Sharing Can you successfully broadcast your own to an audience? Do you know how to use the various channels, such as Twitter, to connect with others? As the rise of constructivism, connectivism, and other more interactive pedagogies arise with the affordances of the internet, knowing how to publish your own materials and have others engage with them can significantly improve your reach and influence in an area of interest/expertise.
Safety Are you aware of the dangers of being online? These are not limited to viruses, but include the oversharing of information through location tracking, privacy controls, and overall awareness of the potential harm what/how you publish could arise. As more of our learning and lives is occurring online, our online presence is growing. Along with this, we are exposing ourselves to an unprecedented number of strangers. Keeping your online identity in check, such as hiding personal information, and evaluating the trust within an online community is of importance.
Design Can you create online spaces, such as blogs, wikis, and videos? Are you aware of the tools on offer and the limitations of the tools? Creating a blog or editing a wiki is becoming a more common task in formal education. Chosing between different options depending on your aim is a an important skill in forming your online presence.
The open world Do you know what OER are? Are you aware of where to find ‘free’ learning materials? In addition, are you aware of common websites, such as YouTube or blogs and their learning potential? Not online can making use of OER benefit you financially, but also for students wishing to learn more about a topic having a knowledge of where to find free learning online can assist in improving scores and understanding.
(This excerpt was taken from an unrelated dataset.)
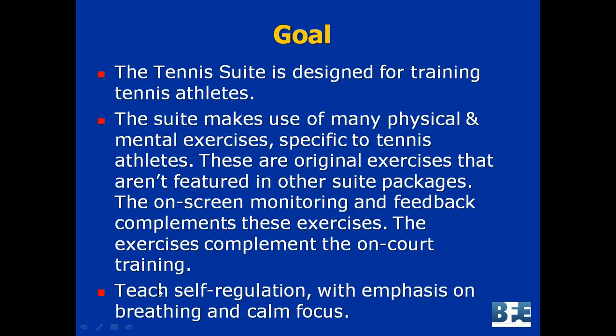The goal of the suite is to teach self-regulation with emphasis on breathing and calm focus — the normal things when it comes to training athletes. I want you to realize that this suite is mainly meant for training. We don't do very much assessment, although I'll talk about a one-hertz bins assessment shortly. But if you're looking for a psychophysiological assessment, this suite does not have one — I'd advise you to look at other suites. For example, the pro golf and pro baseball suites have their own psychophysiological assessment, as does Suwilson's Optimizing Performance and Health assessment.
Contributing Are you able to contribute to other’s learning materials? Can you make commencts on blogs, respond via forums, or even create responses to what you have read online? This goes beyond creating your materials, as it involves with direct interaction with an individual or whole community. Being able to gather what you have learned your opinion in an appropriate manner is important in expanding your engagement and understanding of different content online.


  1. I would apply them to all learners. However, the bolded points above relate to skills that are particularly useful for the ‘open environment’.
  2. Many of these literacies can be taught/experience through simultaneously through a single task. For example, requiring students to post their responses on blogs, encourages sharing, contributing, remixing, designing, evaluation of materials, and other skills. It would be necessary for the teacher to provide some instruction initially, through much of these literacies take time to develop (evaluating resources) and require experience.